Damien Mudge/Ben Gould: The decision that this pair of gifted Australian compatriots and heretofore fierce rivals reached this past summer to leave their respective prior partners and instead team up for the 2010-11 season may prove to be the most momentous move in the history of the ISDA in light of the firepower and athleticism that each of them possesses. Certainly there is no doubt that this pro-squash-doubles version of The Decision has made their debut performance in Baltimore this weekend the main story-line coming into this Maryland Club Open, where, ironically, four years ago Gould and his then-partner Paul Price won the first of the 22 ISDA titles they would capture, a total that also includes the ’08 Maryland Club Open, with both of those triumphs coming at the final-round expense of John Russell and Preston Quick. Mudge, who combined with Viktor Berg to earn 17 ISDA tourneys during the course of their three-year partnership (exactly the total amassed by Price/Gould over that time span), also won the first three editions (i.e. 2003-05) of this tournament with Gary Waite. There is some feeling among ISDA aficionados that the best time to defeat this awe-inspiring pairing might be when they are still getting used to each other, a theory that puts an even greater spotlight on this upcoming event, when they will be teammates for the first-ever time.

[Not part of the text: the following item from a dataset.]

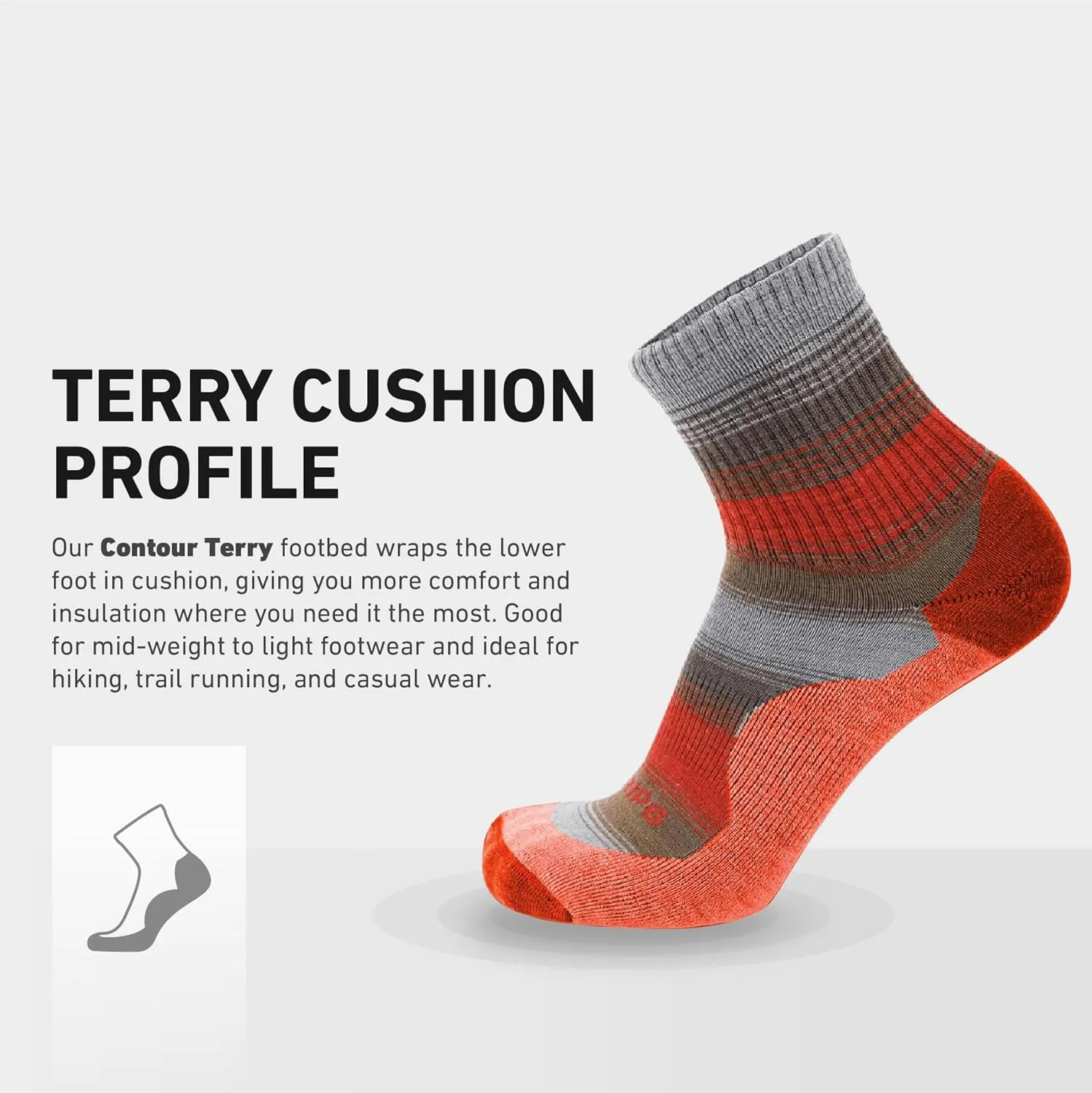 GRIP6 Wool Micro-Crew Socks: Lightweight Wool Socks for Hiking, All Day Comfort - Wicking Crew Socks for Men and Women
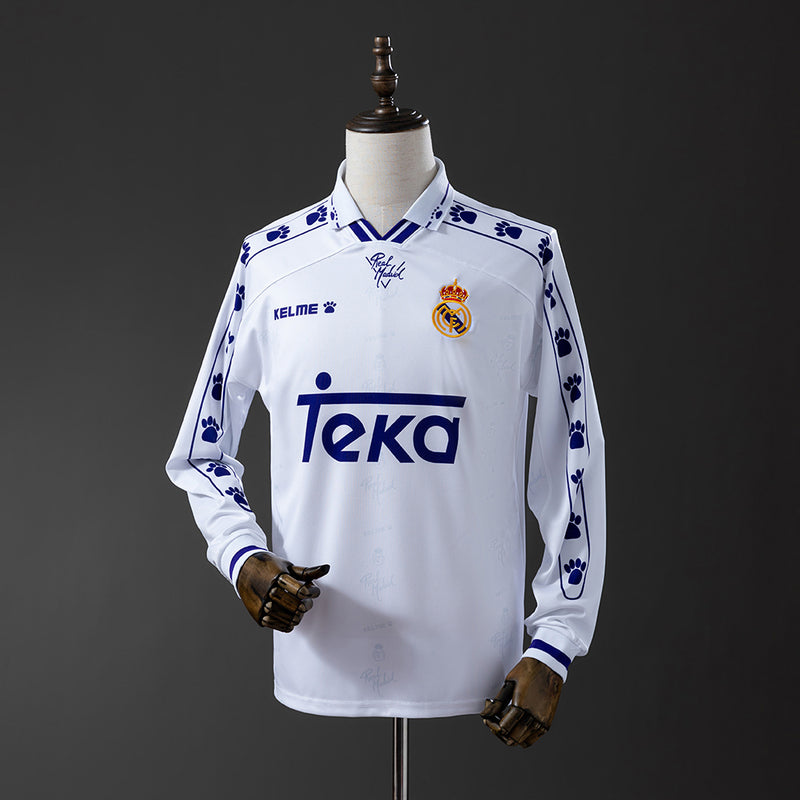 Real Madrid Trikot 1994/96 Heim Retro Fußball-Kit Langarm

Matt Jenson/Clive Leach: Now entering their third season as partners, this pair has four final-round appearances to their mutual credit, including the two biggest tournaments on last season’s schedule, namely the Briggs Cup and the Kellner Cup, as well as the ’08 Sea Island and ’09 Boston tourneys. They barely edged out John Russell and Preston Quick for the No. 3 team ranking for 2009-10 in a season-long “shadow rivalry” in which the two teams never met, since in their alternating roles as third and fourth seeds they were always in opposite halves and, though one team or the other reached the finals of four of the eight full-ranking events, there were no tour stops last season in which BOTH of them were able to do so. Jenson and Leach were the only team to beat both of the top two teams last season (namely Paul Price/Ben Gould and Damien Mudge/Viktor Berg), doing so in straight sets (in the Briggs Cup and Kellner Cup respectively) in each case, and they had a terrific undulating series with Chris Walker and Mark Chaloner last fall/winter in which they met four times, with each team winning twice and with three of those matches going the five-game limit. Leach’s name is on the Maryland Club Open champions listing after he and Walker defeated both Mudge/Berg and Price/Gould in their victorious 2007 run, the last time that any team other than those top two has won a full-ranking ISDA tournament.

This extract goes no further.